Republican members offered a series of amendments over a three-day markup that were mostly rejected. This was the same pattern reflected less than two years ago, when the Republican-controlled education committee approved its HEA reauthorization legislation, the PROSPER Act.
Committee Chair Rep. Bobby Scott (D-Virginia) said he hopes the House will take up the legislation this year. If that occurs, it might pressure the Senate Health, Education, Labor and Pensions Committee to advance its own reauthorization legislation. So far, that process has run aground.
An ambitious bill
The College Affordability Act (CAA) is extraordinarily ambitious. It has a huge price tag of approximately $400 billion over 10 years for just the “mandatory,” non-appropriations portions of the bill, and it would greatly alter federal engagement with higher education.
As the American Association of Community Colleges (AACC) measures the bill’s full implications, a few prominent features for community colleges include:
Pell Grant funding expansion: The legislation would increase the maximum Pell Grant award by $625 in award year 2021-22 with guaranteed funding, and automatically increase it by the Consumer Price Index for subsequent award years. The current lifetime eligibility cap of 12 semesters would increase to 14. Taken together, these longstanding AACC priorities represent a positive core feature of the bill.
Another top priority addressed in the bill is new eligibility for incarcerated students, the so-called “Second Chance” Pell.
However, the bill also would extend Pell grants to otherwise qualifying graduate and professional students in their first postbaccalaureate program who meet Pell Grant eligibility criteria — a dramatic change from current law.
To qualify, students must have received a Pell Grant as an undergraduate and not used up all 14 semesters of eligibility. But, for example, an MBA student could have received Pell grants for one year as an undergraduate and then have six years of programmatic eligibility remaining.

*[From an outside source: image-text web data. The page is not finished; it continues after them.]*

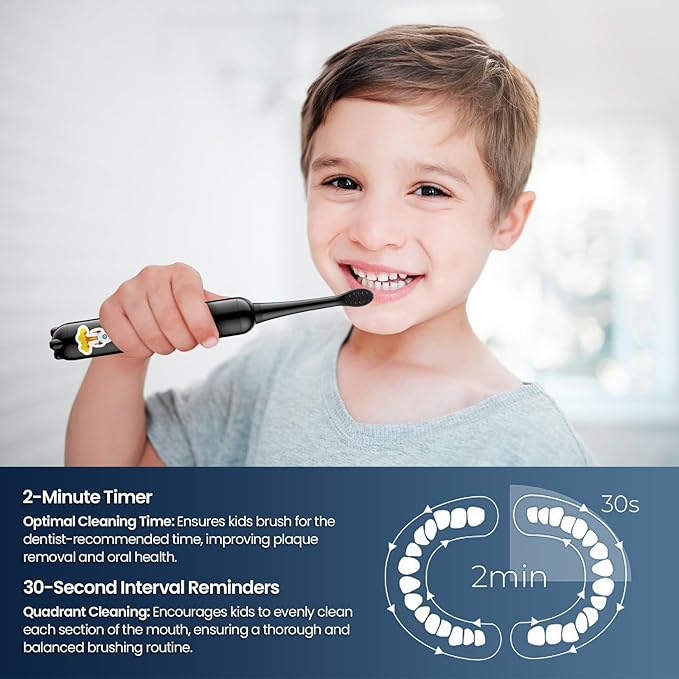 YUNCHI K5 Kids Rechargeable Electric Toothbrush with Waterproof Stickers, 3 Modes with 2 Minutes Timer, for Boys Age 4-6-8-12, Toddler Children Sonic Toothbrush with 4 Replacement Heads Soft, Black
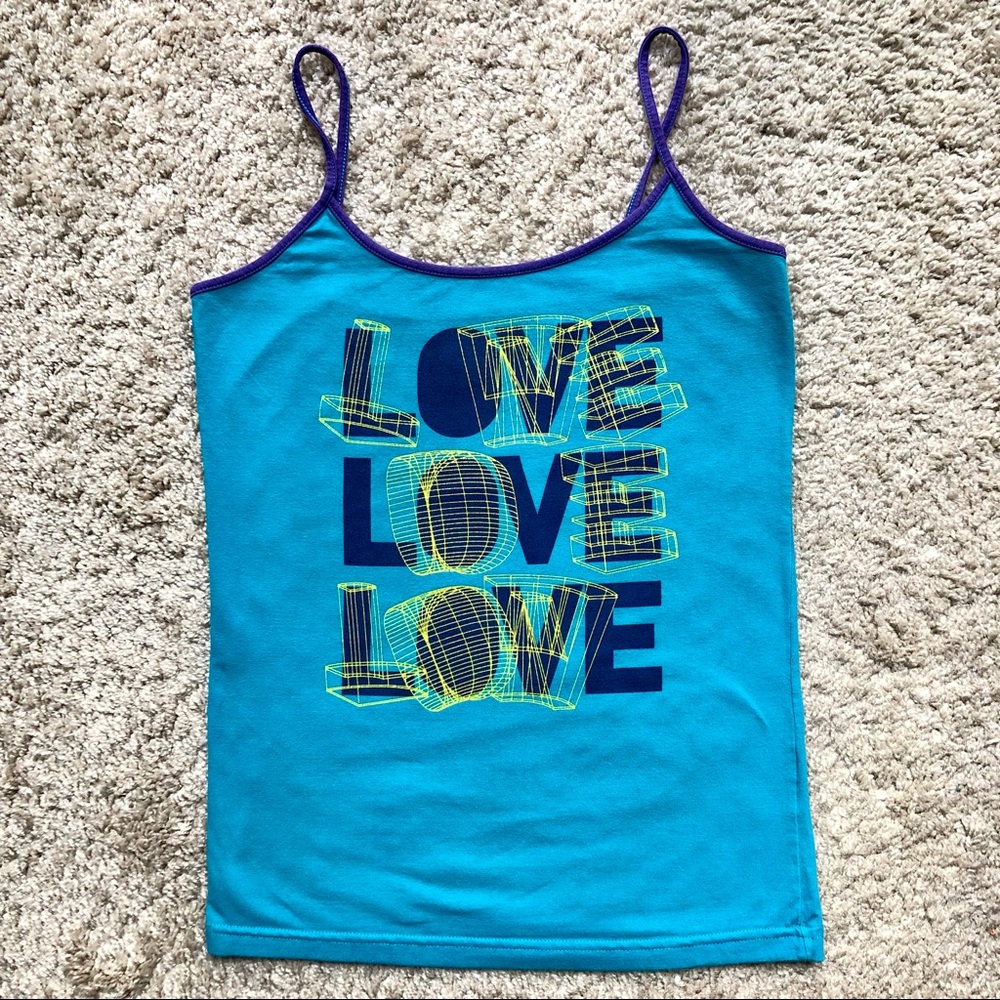 Zumba Fitness Teal Love Tank Top Medium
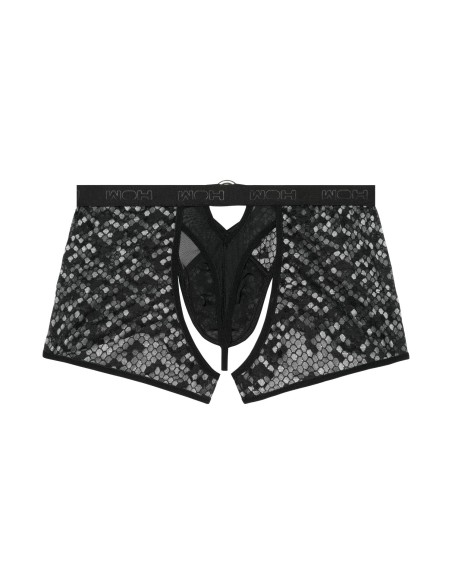 WOH - Pure Seduction Octagonal Lace Trunks Thong - Black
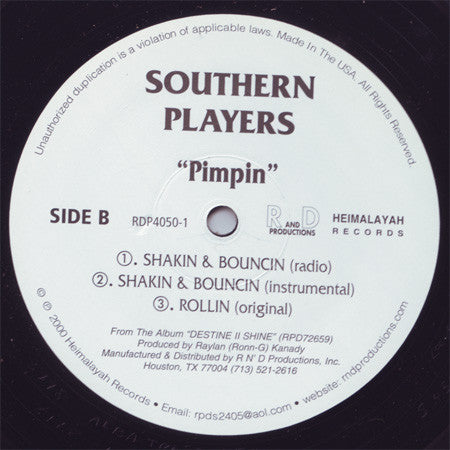 Southern Players : Pimpin / Shakin & Bouncin / Rollin (12")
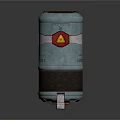 Silver Cylindrical Chemical Weapon Device With Red Warning Sign And Asbestos Content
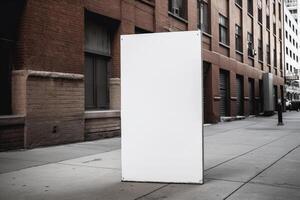 a Blank white sign board mockup isolated outside photo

In any case, AACC finds this proposed policy problematic because, since its inception, Pell grants have been targeted on undergraduates. More importantly, the program is extremely expensive as is and simply cannot absorb the financial burden of America’s postbaccalaureate student population.

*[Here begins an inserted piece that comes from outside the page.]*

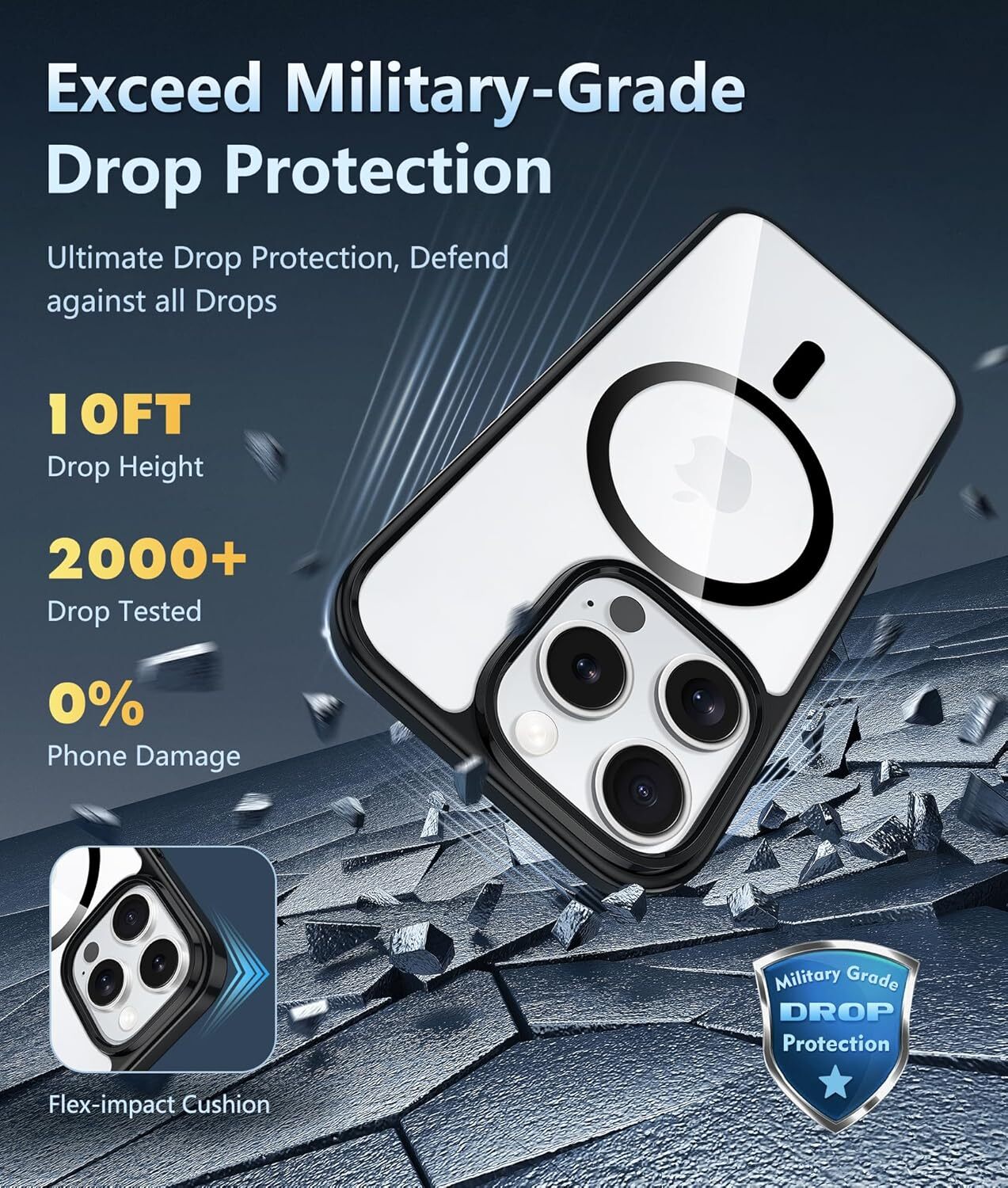Shockproof Magnetic Case for iPhone 17 Pro Max, 16,17e,16 Pro,14Pro,15,13,12,14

Short-term Pell Grant eligibility: CAA would establish Pell Grant eligibility for credit and non-credit programs between 150 and 600 clock hours, in length of at least eight weeks. While this is in some ways a huge win reflecting one of AACC’s top reauthorization priorities, in practice the bill’s requirements may prevent many community college programs from qualifying.
As in the bi-partisan JOBS Act, which AACC supports, programs would need to be listed on the Workforce Innovation and Opportunity Act (WIOA) eligible provider list, and non-credit programs would need to be subsequently articulated into credit programs at the institution. (AACC is told by its member colleges that this could be difficult in some cases; in others, not at all.)
Critically, in order for the program to qualify, six months after completing a program students would have to earn more than the average high school graduate — which is approximately $37,000, though it would vary by states and regions.
The programs must also pass CAA’s gainful-employment requirements and be part of a career pathway as defined in WIOA, which in turn requires a program to offer or connect to a GED program. The U.S. education secretary must approve programs and can take up to 180 days to do so. Finally, the secretary must re-approve programs every three years.
What does all this mean? For one thing, just because a community college offers what officials know to be a high-quality short-term program, the CAA, in its effects, might beg to differ. It also means that AACC will work on CAA’s short-term Pell Grant provisions in the weeks to come, and that we will need your help.
Accreditation: Improving the performance of postsecondary institutions through the accreditation process has long been on the minds of policymakers from both parties. In fact, House Committee Chair Scott mentioned his interest in this area when he met with AACC President and CEO Walter Bumphus. Even the smallest changes to the accreditation statute can create major distress in the academic community. This has proven to be the case with CAA’s accreditation provisions, which are significant through any lens.
AACC’s primary concern with CAA’s accreditation changes is that they would allow the education secretary to reject an agency’s standards in three key areas – completion (which may include transfer), workforce participation (which could include licensure pass rates, job placement or employment), and progress towards meeting the first standard – as being insufficient.
How this new authority might operate in practice is anyone’s guess. But the notion that the department can, more or less at will, set what amounts to “bright lines” for accrediting agencies is anathema to AACC because it directly conflicts with the way that accreditation operates — as a peer-review mechanism. That said, Congress has an undeniable right and obligation to ensure that federal funds are spent responsibly, and this aspect of the legislation could become a flashpoint.
The College Affordability Act contains hundreds of other provisions that would affect community colleges and their students, some of them with a huge potential impact, such as America’s College Promise and new grant programs for dual enrollment, student success and developmental education. The bill has scores of positive features that would help students and institutions alike.
AACC looks forward to working with the House to improve the legislation as it makes its way through the House, and then, hopefully, towards final enactment.